A recent study by GitKraken, in partnership with GitClear, found that developers are seeking productivity gains using AI coding assistants, but are struggling to quantify those gains, or even evaluate whether that AI output is improved over what developers can produce.
The report also found that the skill level of developers can create differences in AI code output, noting that variations in output support the notion that AI amplifies existing skills, but does not equalize them.
The analysis is based on a three month analysis of 2,172 developer-weeks of activity across multiple AI coding tools and real-world development environments.
Among the findings were that AI users are generating from 4x to 14x more activity than low or non-users; test code generation increases by 4% and provides greater coverage, and also that review efforts improve and scale using AI.

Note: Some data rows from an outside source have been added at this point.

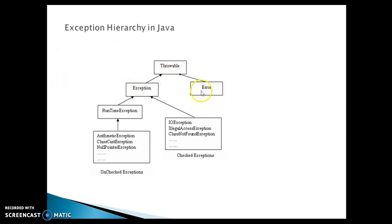Now we have Error. So Error defines exceptions that are not expected to be caught by your program. Exceptions of type error are used by the Java runtime system to indicate errors having to do with the runtime environment itself, example of errors like stack overflow error, out of memory error, etc.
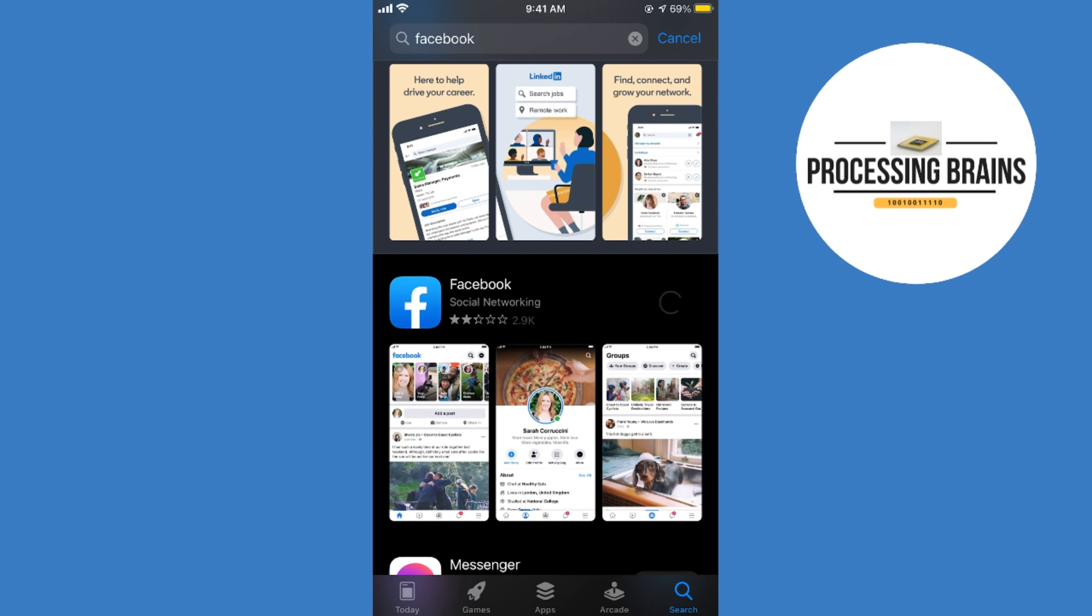In case you are not seeing an update option—instead you're seeing the open option—it means Facebook is already to the latest version available on App Store, so it is already updated. Here we will wait a bit and I will be back once this installation is complete.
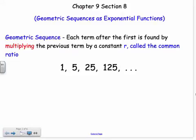In the past, we've dealt with arithmetic sequences — that's when there's adding between each term. Now we're going to deal with geometric sequences, because they're really exponential functions. A geometric sequence basically means there's multiplying between each term, and it's multiplied by the same constant, which we call R, the common ratio.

In the study’s analysis, the GitKraken wrote, “Taken together, the results suggest that AI is not magically creating the mythical “10x engineers”—but it is making engineers who adopt and adapt much faster, more productive, and more iterative.”
Another significant finding is the expanding amount of code churn, with output being revised and replaced more often.
The report also found that the skill level of developers can create differences in AI code output, noting that variations in output support the notion that AI amplifies existing skills, but does not equalize them.
Finally, the study saw changes in how organizations evaluate productivity, applying such techniques are measuring quality with speed as code is created, tracking churn and rework as first-class signals, and moving to connect code output to business outcomes such as delivery time and reliability.
The goal, GitKraken concluded, is to help teams understand not just how fast they’re moving, but whether they’re moving in the right direction.